TU faculty on how local news, media literacy can combat disinformation

By Cody Boteler on February 8, 2021

TU faculty experts discuss how to rebuild trust in media outlets

John Kirch teaching in 2016
John Kirch teaching in 2016. Kirch teaches a course on the history of American journalism.

Fewer than 50% of Americans trust traditional media outlets, according to a new poll from Axios. Lawmakers and others dismiss stories they don’t like as “fake news.” Adults are getting more of their news from social media, according to Pew Research.

The situation has become so drastic, says John Kirch, an associate professor in the Department of Mass Communication and unit coordinator for journalism, that “the country no longer has a universal set of facts that everyone agrees to and everyone acts on.”

That kind of disagreement is partly to blame for the political animus in this country and the insurrection at the Capitol, Kirch says. He says an event like that may not have been possible in the 1970s or 1980s, because most people were watching one of the same three network TV stations and reading from the same big newspapers.

“Everyone was drinking from the same fountain, if you will. You would have folks like Walter Cronkite report the facts objectively,” Kirch says.

While the current media climate may not resemble recent history, there are strong historical parallels, Kirch says.

“For the first 150 years or so, it was pretty much partisan media. Newspapers were either Federalist or Democratic-Republican,” Kirch says. “Even when the commercial press started in the 1830s, reporters weren’t supposed to be objective. They could express some opinions; it’s just that those newspapers weren’t as explicitly partisan. They weren’t funded by a party.”

It wasn’t until the 1920s that the idea of objective journalism started to come about.

While political parties aren’t actively funding newspapers or other news outlets today, Kirch says the increasing slant of some outlets is a clear historical similarity. There are two clear differences between now and early American history, aside from political funding: the advent of social media and so-called “news deserts.”

Elia Powers, an associate professor in the Department of Mass Communication, says division on social media is “nothing new.”

“People who study social media have seen this polarization. Algorithms prioritize things that are more engaging,” he says. “The louder you are, the more reach you have.”

“ In a local news vacuum, that’s where you start to see people turn toward more biased, more extreme sources. ”

Elia Powers, associate professor

There’s nothing wrong with political discussions on social media, Powers says, but people can get stuck in bubbles or silos where users only see content and ideas they already agree with.

“I think people are increasingly aware that what you’re seeing on social media isn’t always necessarily representative of a range of sides. It can feed you back your beliefs or what the algorithm thinks the most ‘sticky’ stories are,” Powers says.

Kirch and Powers say the decline of strong local news outlets is a problem, because it creates “news deserts,” areas with little to no local coverage. The United States has lost more than 2,100 weekly and daily newspapers since 2004, according to Poynter, a journalism institute.

“In a local news vacuum, that’s where you start to see people turn toward more biased, more extreme sources,” Powers says.
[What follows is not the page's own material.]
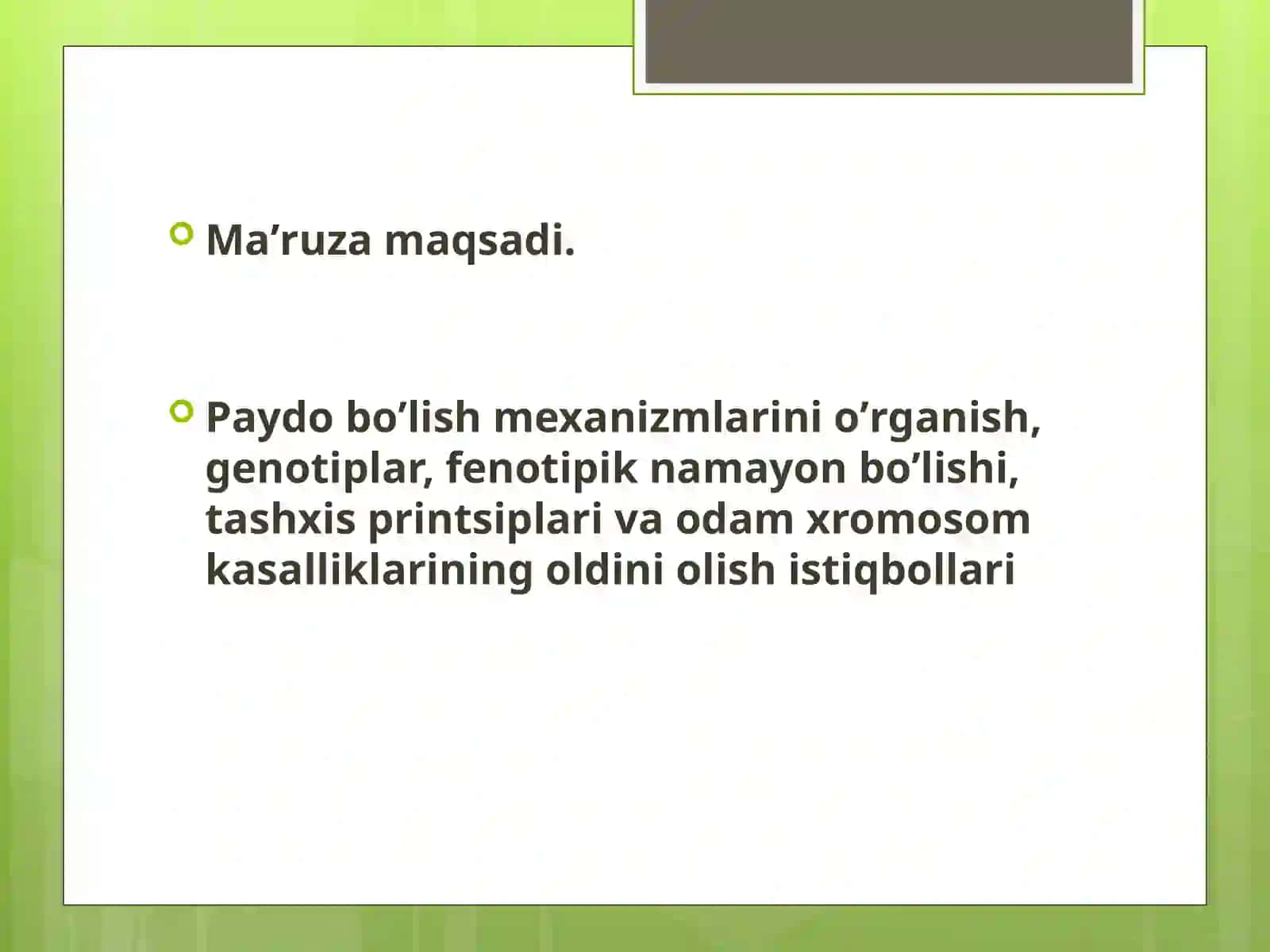 Irsiy kasalliklar. Tibbiy genetik maslahat 2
Kirch says having a strong local press in communities can build trust, because those who create local journalism are a part of the same communities they’re reporting on.

“People can make accusations [about fake news or bias], but then people say, ‘No, I know the publisher’ or ‘I know the journalists, they wouldn’t do that,’” Kirch says.

Neither faculty member thinks there is a silver bullet solution.

“If you had a vibrant local press, which we don’t have anymore, I think it would have a big impact, and it would blunt some of the things you have coming at the national level,” Kirch says.

Powers agrees. He says it’s possible to draw some sort of connection between “the diminishing presence of local news and people searching for information that’s not credible.”

Both also say there should be some more regulation on social media. Powers says he supports efforts that would bring journalists, editors and fact-checkers to social media platforms to increase credibility.

Kirch says bringing back the Federal Communications Commission (FCC) fairness doctrine, which required broadcast networks to air issues of public importance in a manner that was honest, equitable and balanced, could help restore trust in broadcast media. 

“The FCC could not deny you a license because they didn’t like your political opinion. It was content neutral. It was looking at how much public affairs broadcasting did you do, and how balanced was it,” Kirch says.

The doctrine was removed in the 1980s, and it may be difficult for it to apply to cable networks, newspapers or online publications.

Also important, both faculty members say, is increasing media literacy.

“People should be really aware of how social media and the algorithms prioritize certain news,” Powers says.

Kirch says media literacy and critical thinking skills should be taught more, nationwide.

“If you want to have a healthy democracy, you have to train people how to debate and how to recognize false arguments,” he says. “You need to train people in that the same way you’re going to train them in algebra.”